Measure Sidekiq enqueue latency for scheduled jobs
What does this MR do and why?
When Sidekiq schedules a job to be run later, it sets the at
field
with the desired time and inserts the payload into the scheduled
queue. Sidekiq runs a separate thread that polls this queue via a Redis
zrangebyscore
command and inserts jobs that have passed the scheduled
time. Sidekiq uses a random delay that is based on the number of
processes running at a given time.
We observed that this enqueuing of scheduled jobs can add an unexpected, significant delay and increase CPU utilization on Redis as more Sidekiq processes connect. Before we can make any tweaks to this configuration, we should first measure how much delay we have.

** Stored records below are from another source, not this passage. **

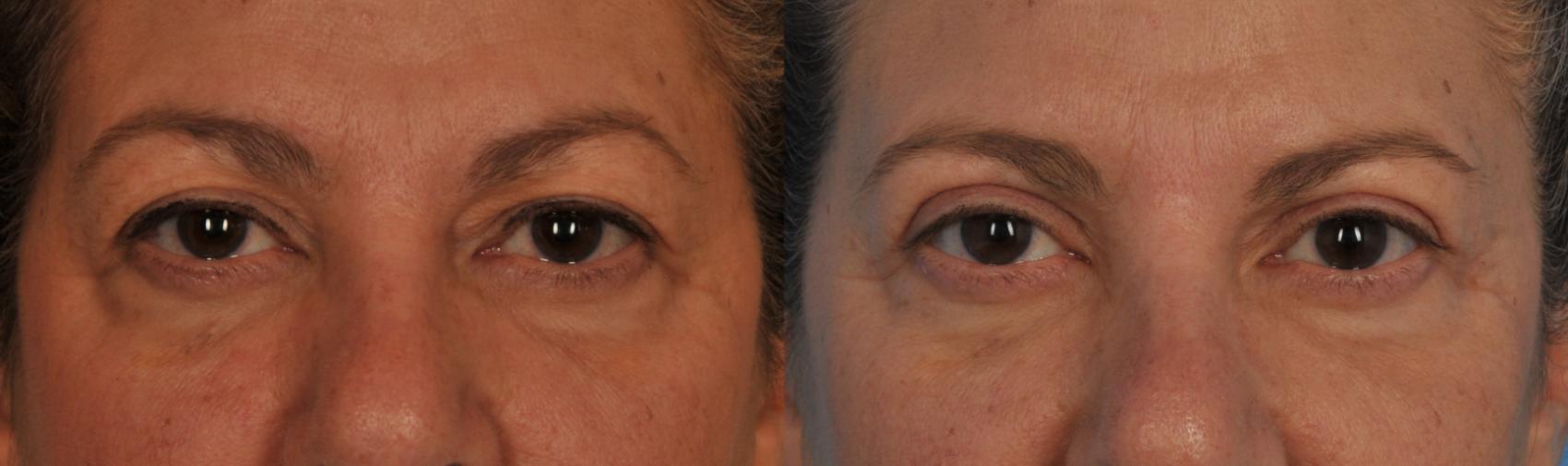 Before & After Blepharoplasty Case 79 View #1 View in Toronto, ON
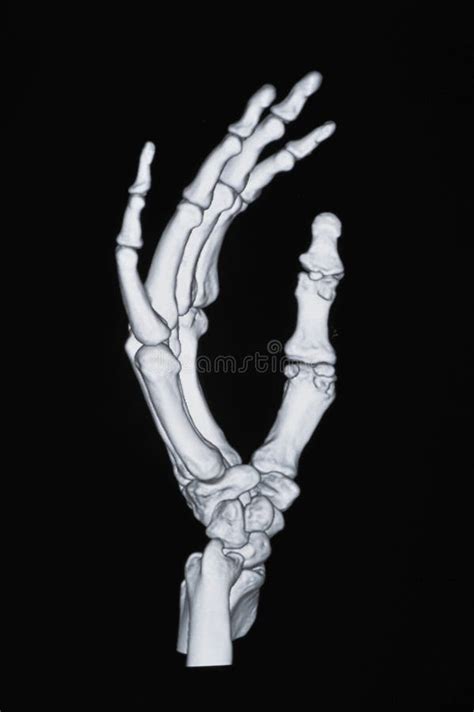 X-ray of hand stock image. Image of radiology, fingers - 309579961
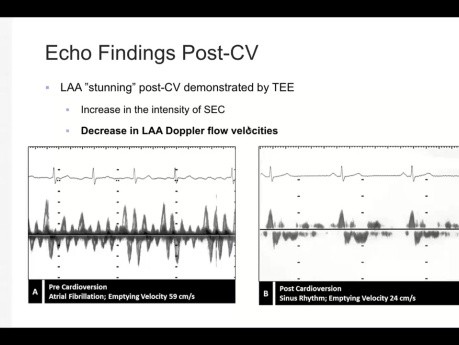 Utilisation de l'Echographie dans l'Evaluation des causes Cardiaques des Embolies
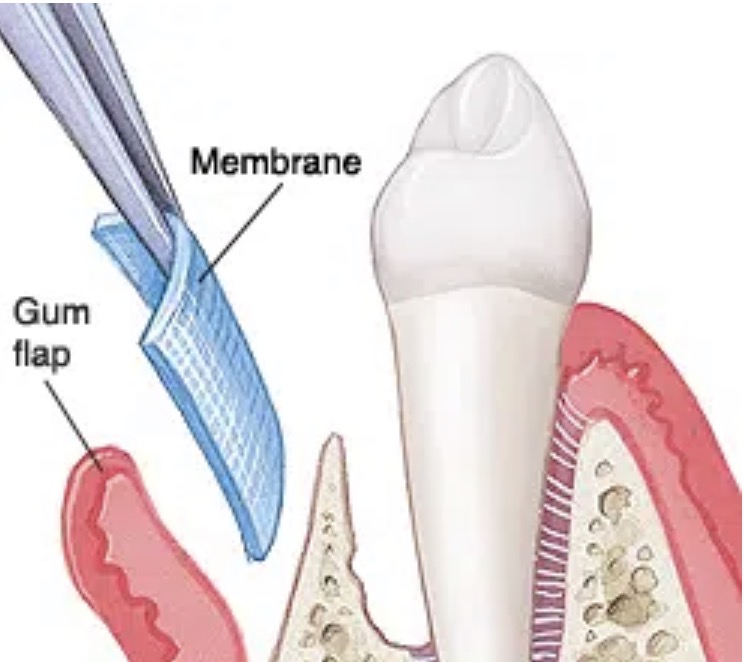 GTR periodontal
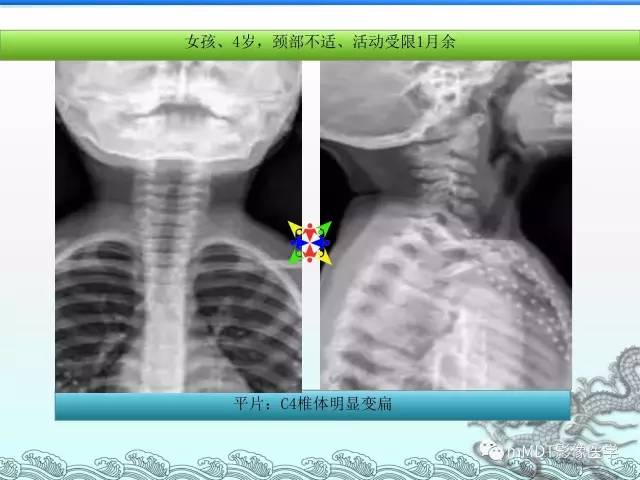 【PPT】骨嗜酸性肉芽肿的影像诊断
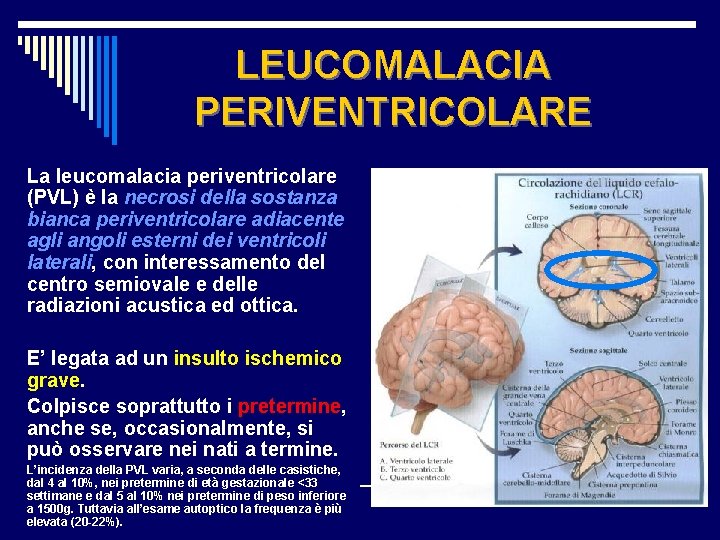 LEUCOMALACIA PERIVENTRICOLARE La leucomalacia periventricolare (PVL) è la necrosi della sostanza bianca periventricolare adiacente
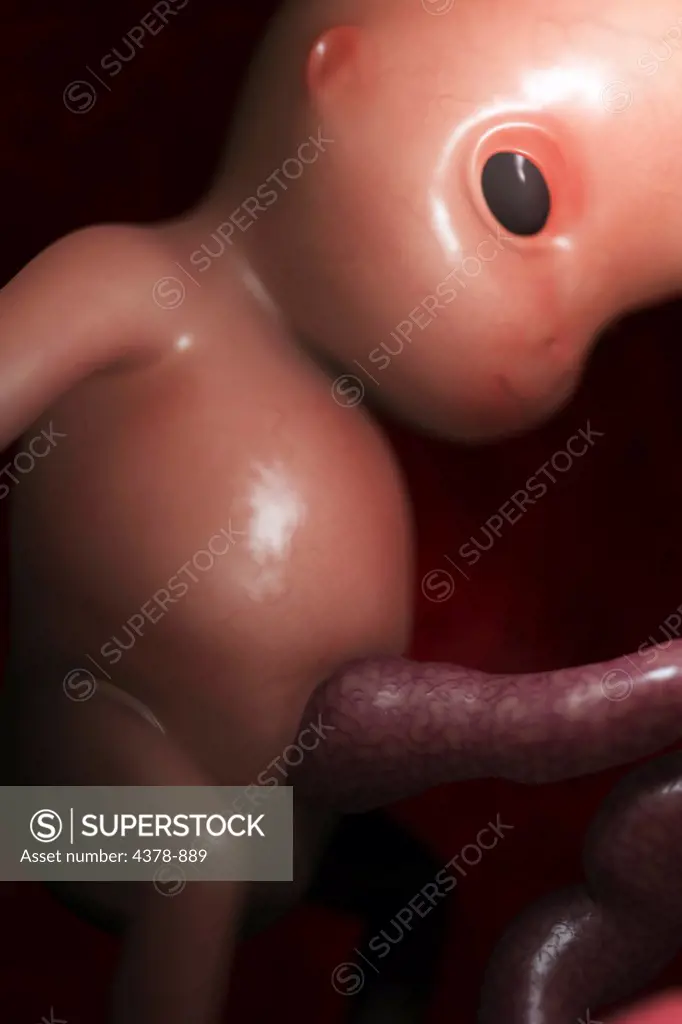 Fetus in utero (fetal development approx. week 12)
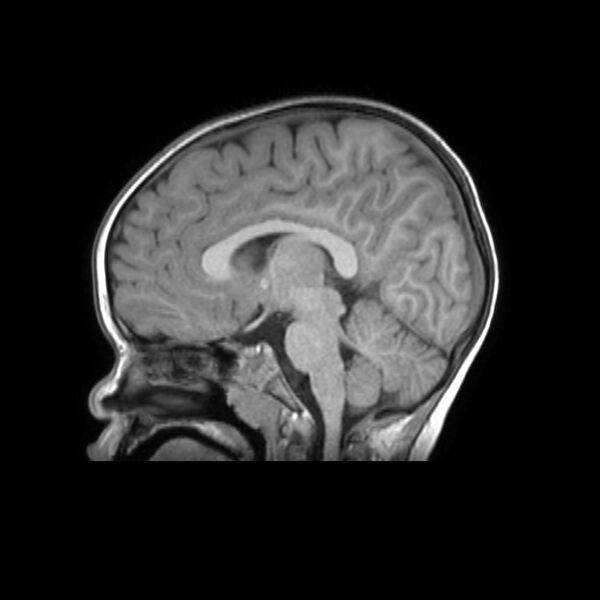 File:Cochlear nerve aplasia - unilateral (Radiopaedia 87910-104413 Sagittal T1 26).jpg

This commit adds a enqueue_latency_s
for scheduled jobs to record how
long this delay was. In the Sidekiq client middleware, we have access to
the at
field before it is deleted by Sidekiq, so we save it as the
scheduled_at
field. We subtract the difference between enqueued_at
and scheduled_at
and log enqueue_latency_s
.
Relates to:
Sample log message
See enqueue_latency_s
on the last line:
{
"severity":"INFO",
"time":"2021-10-02T00:21:24.046Z",
"class":"WebHookWorker",
"args":[
"2",
"[FILTERED]",
"merge_request_hooks"
],
"retry":4,
"queue":"web_hook",
"backtrace":true,
"version":0,
"dead":false,
"jid":"d27a5a9fe4f317c1cc78a31c",
"created_at":"2021-10-02T00:21:18.365Z",
"meta.user":"root",
"meta.project":"flightjs/Flight",
"meta.root_namespace":"flightjs",
"meta.subscription_plan":"default",
"meta.caller_id":"Projects::MergeRequests::CreationsController#create",
"meta.remote_ip":"127.0.0.1",
"meta.related_class":"ProjectHook",
"meta.feature_category":"code_review",
"meta.client_id":"user/1",
"correlation_id":"bc55b5581e3d86111b2f235b13258254",
"uber-trace-id":"5d8e685d234755ab:5d8e685d234755ab:0:1",
"worker_data_consistency":"delayed",
"wal_locations":{
"main":"0/A2E30358"
},
"scheduled_at":1633134079.3654552,
"idempotency_key":"resque:gitlab:duplicate:web_hook:3a62dfec64e6e74deddbafd85479d44c5c3f5d1643b627185c17a14c5b82e9ad",
"enqueued_at":"2021-10-02T00:21:24.044Z",
"job_size_bytes":3971,
"pid":49294,
"message":"WebHookWorker JID-d27a5a9fe4f317c1cc78a31c: start",
"job_status":"start",
"scheduling_latency_s":0.001807,
"enqueue_latency_s":4.678918
}
How to set up and validate locally
- Check out this branch.
- Run
gdk restart rails
- In the Rails console, you can fire a WebHook:
WebHookWorker.new.perform_in(1.second, WebHook.first.id, {}, :push_hooks)
Alternatively, create a Web Hook with merge request events and create a merge request.
gdk tail rails-background-jobs | grep enqueue_latency
MR acceptance checklist
This checklist encourages us to confirm any changes have been analyzed to reduce risks in quality, performance, reliability, security, and maintainability.
-
I have evaluated the MR acceptance checklist for this MR.